## [How to complete this task]
Once you have read the entries, copy all of them exactly.

BEGIN Extracted entries

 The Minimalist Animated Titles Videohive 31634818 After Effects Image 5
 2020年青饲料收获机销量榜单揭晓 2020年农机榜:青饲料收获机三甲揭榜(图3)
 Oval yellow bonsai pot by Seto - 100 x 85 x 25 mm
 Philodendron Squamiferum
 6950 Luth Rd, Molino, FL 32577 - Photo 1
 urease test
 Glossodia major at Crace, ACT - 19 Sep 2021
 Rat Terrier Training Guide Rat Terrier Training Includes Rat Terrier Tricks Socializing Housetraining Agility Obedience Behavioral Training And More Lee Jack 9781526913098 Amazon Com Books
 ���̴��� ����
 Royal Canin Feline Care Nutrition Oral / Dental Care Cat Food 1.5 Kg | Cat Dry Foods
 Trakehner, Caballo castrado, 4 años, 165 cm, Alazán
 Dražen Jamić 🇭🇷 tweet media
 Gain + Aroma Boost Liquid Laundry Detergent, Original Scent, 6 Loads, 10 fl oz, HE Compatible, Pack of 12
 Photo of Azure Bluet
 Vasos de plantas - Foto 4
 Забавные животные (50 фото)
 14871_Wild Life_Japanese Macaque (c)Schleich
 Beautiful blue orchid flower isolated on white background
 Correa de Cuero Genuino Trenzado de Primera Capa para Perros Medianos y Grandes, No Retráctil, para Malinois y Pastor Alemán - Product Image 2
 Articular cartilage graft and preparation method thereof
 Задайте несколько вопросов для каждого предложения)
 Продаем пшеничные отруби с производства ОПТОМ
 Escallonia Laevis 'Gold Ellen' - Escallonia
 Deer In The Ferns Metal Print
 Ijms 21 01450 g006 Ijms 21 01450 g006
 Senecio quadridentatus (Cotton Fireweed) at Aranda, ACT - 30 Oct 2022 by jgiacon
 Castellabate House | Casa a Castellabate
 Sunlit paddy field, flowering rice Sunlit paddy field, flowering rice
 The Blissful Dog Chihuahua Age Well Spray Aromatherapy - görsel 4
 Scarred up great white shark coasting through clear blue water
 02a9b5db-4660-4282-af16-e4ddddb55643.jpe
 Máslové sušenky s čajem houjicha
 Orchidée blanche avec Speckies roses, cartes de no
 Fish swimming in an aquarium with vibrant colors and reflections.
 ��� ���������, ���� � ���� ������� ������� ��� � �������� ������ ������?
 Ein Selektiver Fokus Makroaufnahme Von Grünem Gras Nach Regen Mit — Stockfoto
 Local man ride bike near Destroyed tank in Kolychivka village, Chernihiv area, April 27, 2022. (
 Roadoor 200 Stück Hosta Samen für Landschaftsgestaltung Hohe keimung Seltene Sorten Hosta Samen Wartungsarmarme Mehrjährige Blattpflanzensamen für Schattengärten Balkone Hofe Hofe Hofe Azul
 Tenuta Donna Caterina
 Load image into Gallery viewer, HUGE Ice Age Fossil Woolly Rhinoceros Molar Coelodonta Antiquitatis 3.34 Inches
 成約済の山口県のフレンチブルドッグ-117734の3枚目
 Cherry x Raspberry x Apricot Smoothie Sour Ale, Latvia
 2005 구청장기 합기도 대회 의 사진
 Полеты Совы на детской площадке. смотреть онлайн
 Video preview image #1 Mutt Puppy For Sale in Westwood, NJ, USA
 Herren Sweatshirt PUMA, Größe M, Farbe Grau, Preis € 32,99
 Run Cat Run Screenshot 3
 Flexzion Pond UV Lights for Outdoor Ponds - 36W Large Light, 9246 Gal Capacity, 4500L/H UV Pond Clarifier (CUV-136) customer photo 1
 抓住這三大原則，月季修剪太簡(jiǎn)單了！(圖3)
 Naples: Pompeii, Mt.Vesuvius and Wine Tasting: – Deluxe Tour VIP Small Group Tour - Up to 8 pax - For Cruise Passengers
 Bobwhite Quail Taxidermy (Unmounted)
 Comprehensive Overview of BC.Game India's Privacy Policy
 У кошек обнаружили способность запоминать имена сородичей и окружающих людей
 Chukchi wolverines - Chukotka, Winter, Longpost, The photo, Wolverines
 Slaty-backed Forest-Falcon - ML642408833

END Extracted entries

## [Solution to this task]
 The Minimalist Animated Titles Videohive 31634818 After Effects Image 5
 2020年青饲料收获机销量榜单揭晓 2020年农机榜:青饲料收获机三甲揭榜(图3)
 Oval yellow bonsai pot by Seto - 100 x 85 x 25 mm
 Philodendron Squamiferum
 6950 Luth Rd, Molino, FL 32577 - Photo 1
 urease test
 Glossodia major at Crace, ACT - 19 Sep 2021
 Rat Terrier Training Guide Rat Terrier Training Includes Rat Terrier Tricks Socializing Housetraining Agility Obedience Behavioral Training And More Lee Jack 9781526913098 Amazon Com Books
 ���̴��� ����
 Royal Canin Feline Care Nutrition Oral / Dental Care Cat Food 1.5 Kg | Cat Dry Foods
 Trakehner, Caballo castrado, 4 años, 165 cm, Alazán
 Dražen Jamić 🇭🇷 tweet media
 Gain + Aroma Boost Liquid Laundry Detergent, Original Scent, 6 Loads, 10 fl oz, HE Compatible, Pack of 12
 Photo of Azure Bluet
 Vasos de plantas - Foto 4
 Забавные животные (50 фото)
 14871_Wild Life_Japanese Macaque (c)Schleich
 Beautiful blue orchid flower isolated on white background
 Correa de Cuero Genuino Trenzado de Primera Capa para Perros Medianos y Grandes, No Retráctil, para Malinois y Pastor Alemán - Product Image 2
 Articular cartilage graft and preparation method thereof
 Задайте несколько вопросов для каждого предложения)
 Продаем пшеничные отруби с производства ОПТОМ
 Escallonia Laevis 'Gold Ellen' - Escallonia
 Deer In The Ferns Metal Print
 Ijms 21 01450 g006 Ijms 21 01450 g006
 Senecio quadridentatus (Cotton Fireweed) at Aranda, ACT - 30 Oct 2022 by jgiacon
 Castellabate House | Casa a Castellabate
 Sunlit paddy field, flowering rice Sunlit paddy field, flowering rice
 The Blissful Dog Chihuahua Age Well Spray Aromatherapy - görsel 4
 Scarred up great white shark coasting through clear blue water
 02a9b5db-4660-4282-af16-e4ddddb55643.jpe
 Máslové sušenky s čajem houjicha
 Orchidée blanche avec Speckies roses, cartes de no
 Fish swimming in an aquarium with vibrant colors and reflections.
 ��� ���������, ���� � ���� ������� ������� ��� � �������� ������ ������?
 Ein Selektiver Fokus Makroaufnahme Von Grünem Gras Nach Regen Mit — Stockfoto
 Local man ride bike near Destroyed tank in Kolychivka village, Chernihiv area, April 27, 2022. (
 Roadoor 200 Stück Hosta Samen für Landschaftsgestaltung Hohe keimung Seltene Sorten Hosta Samen Wartungsarmarme Mehrjährige Blattpflanzensamen für Schattengärten Balkone Hofe Hofe Hofe Azul
 Tenuta Donna Caterina
 Load image into Gallery viewer, HUGE Ice Age Fossil Woolly Rhinoceros Molar Coelodonta Antiquitatis 3.34 Inches
 成約済の山口県のフレンチブルドッグ-117734の3枚目
 Cherry x Raspberry x Apricot Smoothie Sour Ale, Latvia
 2005 구청장기 합기도 대회 의 사진
 Полеты Совы на детской площадке. смотреть онлайн
 Video preview image #1 Mutt Puppy For Sale in Westwood, NJ, USA
 Herren Sweatshirt PUMA, Größe M, Farbe Grau, Preis € 32,99
 Run Cat Run Screenshot 3
 Flexzion Pond UV Lights for Outdoor Ponds - 36W Large Light, 9246 Gal Capacity, 4500L/H UV Pond Clarifier (CUV-136) customer photo 1
 抓住這三大原則，月季修剪太簡(jiǎn)單了！(圖3)
 Naples: Pompeii, Mt.Vesuvius and Wine Tasting: – Deluxe Tour VIP Small Group Tour - Up to 8 pax - For Cruise Passengers
 Bobwhite Quail Taxidermy (Unmounted)
 Comprehensive Overview of BC.Game India's Privacy Policy
 У кошек обнаружили способность запоминать имена сородичей и окружающих людей
 Chukchi wolverines - Chukotka, Winter, Longpost, The photo, Wolverines
 Slaty-backed Forest-Falcon - ML642408833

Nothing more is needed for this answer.